Und das Ganze war dieser Callahan-Schlampe zu verdanken.
Er konnte es kaum erwarten, die Frau endlich tot zu sehen, nur dass ein enttäuschter Faris zu allem fähig war. Wenige Leute wussten von Faris’ einzigartigen Fähigkeiten und den enormen Risiken, die damit einhergingen. Bisher hatte Marcus jede Willensschlacht für sich entschieden, dennoch war er besorgt.
Wenn Marcus so aufgebracht war wie jetzt, konnte er sich einzig dadurch beruhigen, dass er in seinem Labor arbeitete und sich mit dem vergnügte, was Priscilla, die vierte und schlimmste Ehefrau seines verstorbenen Vaters, seine »Spielzeuge« nannte. Sie würde schon bald erfahren, wie sehr sie sich in ihm täuschte. So wie sein Vater es herausgefunden hatte und die Frau, die Priscilla vorausgegangen war, ebenfalls. Am Ende hatten sie es alle gesehen.

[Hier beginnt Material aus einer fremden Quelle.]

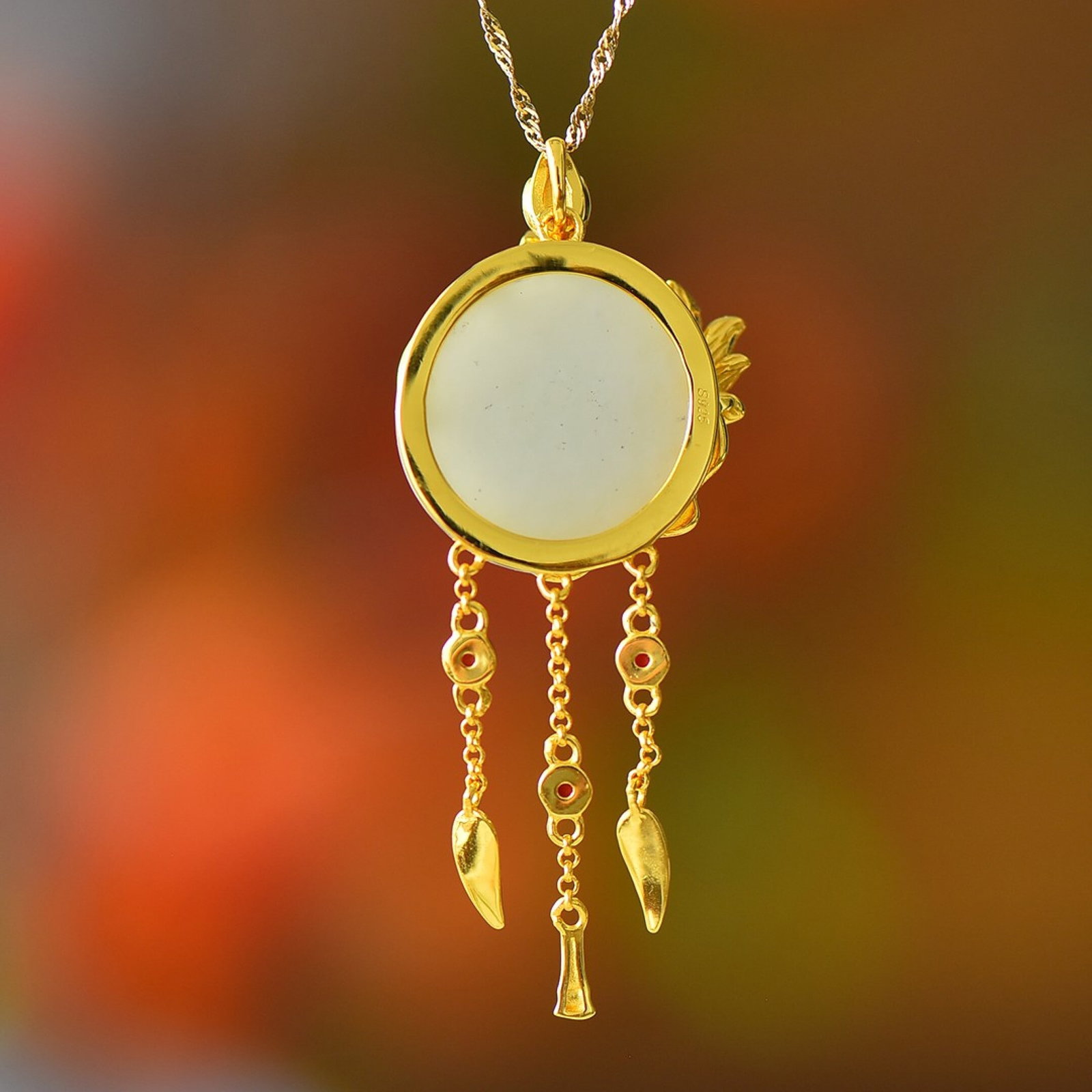 An Exquisite Sterling Silver-Gold Plated Inlaid White Jade Pendant - 5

Aber Priscilla würde eine ganz besondere Lektion erteilt bekommen.
Vorsichtig löste Marcus den gallertartigen Positivabdruck von Dr. Driscolls Hand aus der Gussform. Sein wundersamer Einfall, ein leichenfahles Grün als Grundton für die Hand zu wählen, erheiterte ihn, soweit er in seinem derzeitigen mentalen Zustand zu Heiterkeit fähig war. Er justierte das Licht, um die Fingerabdrücke genauer in Augenschein nehmen zu können. Die Schleifen, Bögen und Windungen waren so gut nachgebildet, dass sogar das winzige Muster der Schweißdrüsen auf jeder Furche erkennbar war. Nicht perfekt, jedoch absolut ausreichend für die Parameter des Sensors.